The Lighthouse Green Fuels project in Stockton-on-Tees aims to produce 175 million litres of SAF per year when it kicks off commercial operations in 2028.
This marks “around 11% of the government target” for SAF, the project’s boss explained at a recent event.
Construction firm Alfanar Projects has estimated the £1.5 billion refinery will create 2,000 jobs for the build and around 300 operational jobs once production kicks off.
Simon Owens, director of engineering and technical at the Saudi Arabia-based firm, told attendees at the Energy Exports Conference (EEC) in Aberdeen that the biggest issue impacting the project is policy.
Owens said: “We find the biggest challenges to get over the line are in financing the project and probably permitting as well.”
On financing, recent UK government moves have proved to be a “big win” for Lighthouse Green Fuels, however, permitting has still left the project in doldrums, the man behind the project told an Aberdeen audience.
He said that SAF needed a contracts for difference (CfD) style mechanism to ensure price stability, something that was recently delivered in the form of the revenue certainty mechanism.

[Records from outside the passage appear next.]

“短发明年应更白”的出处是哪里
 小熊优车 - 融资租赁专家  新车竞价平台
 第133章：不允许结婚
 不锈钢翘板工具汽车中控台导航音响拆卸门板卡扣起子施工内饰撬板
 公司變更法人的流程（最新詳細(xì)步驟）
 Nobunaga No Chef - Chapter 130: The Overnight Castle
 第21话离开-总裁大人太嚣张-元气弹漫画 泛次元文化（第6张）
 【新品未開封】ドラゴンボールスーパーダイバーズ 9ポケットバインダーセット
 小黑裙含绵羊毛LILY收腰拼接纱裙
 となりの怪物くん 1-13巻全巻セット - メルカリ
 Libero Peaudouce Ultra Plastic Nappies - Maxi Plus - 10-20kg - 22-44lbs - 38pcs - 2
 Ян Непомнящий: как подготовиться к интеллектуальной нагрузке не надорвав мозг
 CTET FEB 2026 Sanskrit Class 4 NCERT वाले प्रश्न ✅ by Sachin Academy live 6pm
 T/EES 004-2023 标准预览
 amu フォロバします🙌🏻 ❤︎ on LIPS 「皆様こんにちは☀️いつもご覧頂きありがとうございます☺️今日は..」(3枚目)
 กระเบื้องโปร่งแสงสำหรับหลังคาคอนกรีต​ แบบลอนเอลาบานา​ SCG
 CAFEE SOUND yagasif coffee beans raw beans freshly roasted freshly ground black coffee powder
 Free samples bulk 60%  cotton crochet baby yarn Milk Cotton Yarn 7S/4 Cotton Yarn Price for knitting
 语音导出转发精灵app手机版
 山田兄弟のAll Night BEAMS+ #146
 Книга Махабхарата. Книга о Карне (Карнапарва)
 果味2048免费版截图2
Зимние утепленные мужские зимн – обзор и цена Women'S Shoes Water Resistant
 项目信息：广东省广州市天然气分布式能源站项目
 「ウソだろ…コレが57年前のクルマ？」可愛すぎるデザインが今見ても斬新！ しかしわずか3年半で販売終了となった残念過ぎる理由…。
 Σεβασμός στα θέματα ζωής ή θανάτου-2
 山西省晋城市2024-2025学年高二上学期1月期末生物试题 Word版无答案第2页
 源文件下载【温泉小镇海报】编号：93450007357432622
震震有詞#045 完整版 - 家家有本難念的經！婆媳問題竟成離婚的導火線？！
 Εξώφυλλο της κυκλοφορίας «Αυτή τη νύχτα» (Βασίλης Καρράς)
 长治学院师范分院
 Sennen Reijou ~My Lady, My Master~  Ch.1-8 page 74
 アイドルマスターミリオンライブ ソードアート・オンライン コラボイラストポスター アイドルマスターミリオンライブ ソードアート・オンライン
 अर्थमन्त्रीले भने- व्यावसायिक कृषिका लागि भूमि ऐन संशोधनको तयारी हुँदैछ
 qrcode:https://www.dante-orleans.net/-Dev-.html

“This essentially brings price stability to SAF so that we can then get the commercial debt into the project,” the Alfanar director of engineering and technical explained.
He added that “this is one of the biggest successes we’ve had.”
However, now that financial stability is on the horizon, the red tape around Lighthouse Green Fuels is the project’s main gripe.
“Our project is big, it’s a new refinery project so we have to go through what’s called a development consent order route to obtain our planning,” delegates at EEC heard.
Owens said that this “is a very slow” and “expensive process”, however, the government is “also trying to reform and speed up” such applications, something he argued is “much needed”.
“We have two bottlenecks, the CfD coming in and also the permitting, if we had those earlier, we could move to execute the project sooner,” the project boss concluded.